While the National Archives provided a few images from “Project 1794” last year, the entire report is now available online.
The report summarizes Avro’s work on its initial contract with the Air Force, which financed a feasibility study to test the systems and principles that would be necessary to create what Avro called “a flat vertical take-off and landing aircraft.” The ship was to reach a top speed between Mach 3 and Mach 4 and be capable of flying at 100,000 feet and ranging 1,000 nautical miles.
The document contains several schematics detailing alternative solutions to some of the engineering problems that the flying saucer posed. Avro described 500 hours of wind-tunnel tests done with a scale model and included photos of that process, graphs of their results, and assessments of remaining issues.
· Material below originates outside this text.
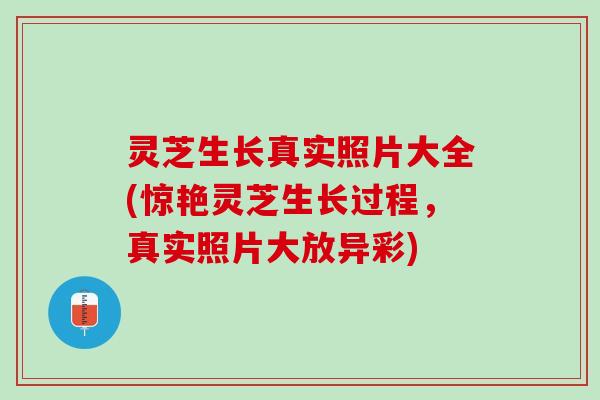 灵芝生长真实照片大全(惊艳灵芝生长过程，真实照片大放异彩)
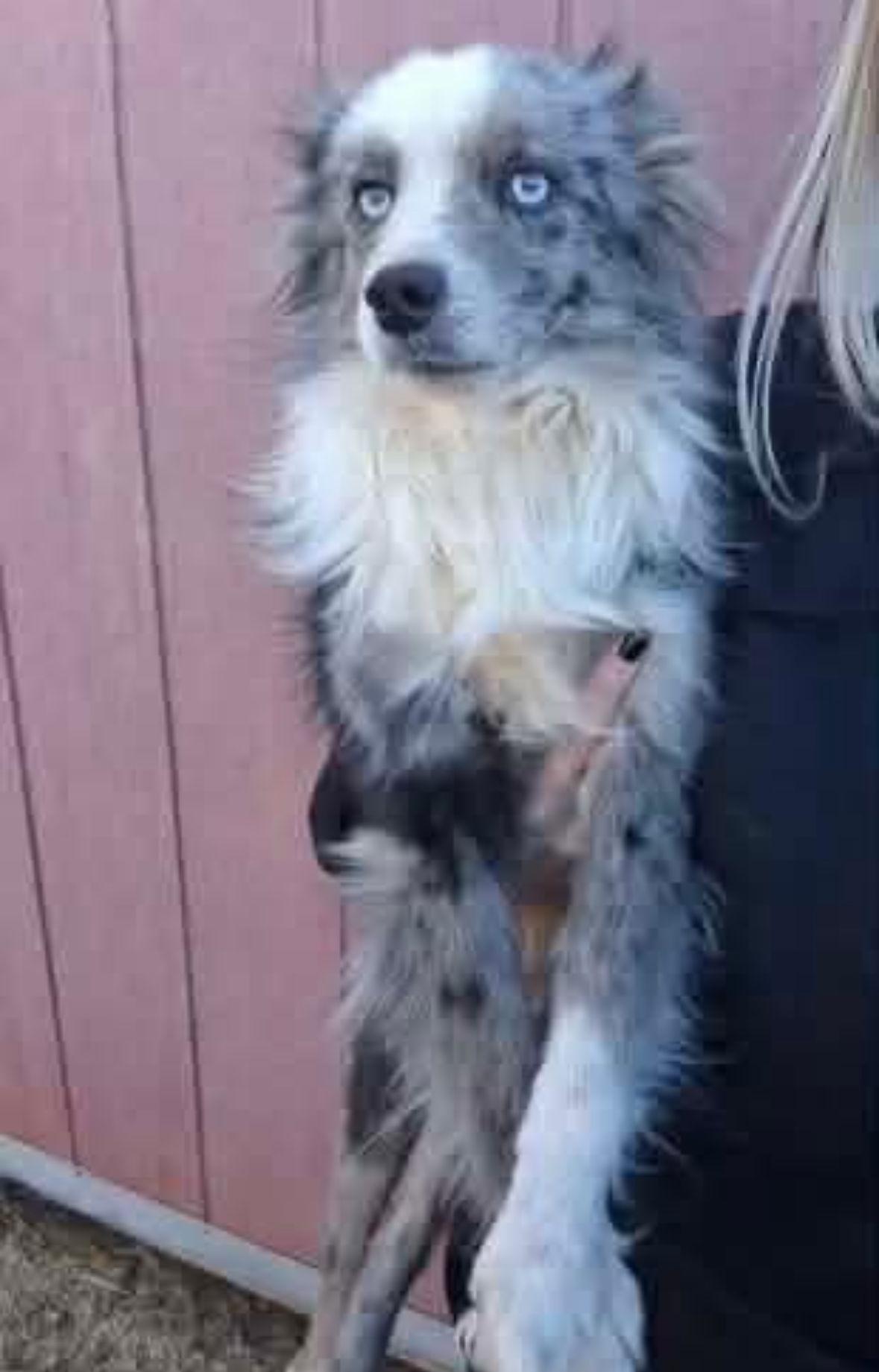 Blue, Adoptable, Adult Male Australian Shepherd.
At the conclusion of the report, Avro asked for more than $3 million to complete testing and development. As Wired’s Benjamin Plackett pointed out when the first saucer images were released last year, that wasn’t so much money by military standards. (It would translate to about $26.6 million today.)
But the government decided to fund work on a smaller and less grand saucer prototype, the Avrocar, instead. Like a helicopter (not yet available for combat use), this aircraft could hover near the ground, access tight spots, and help troops in need of reinforcement or resupply. . . .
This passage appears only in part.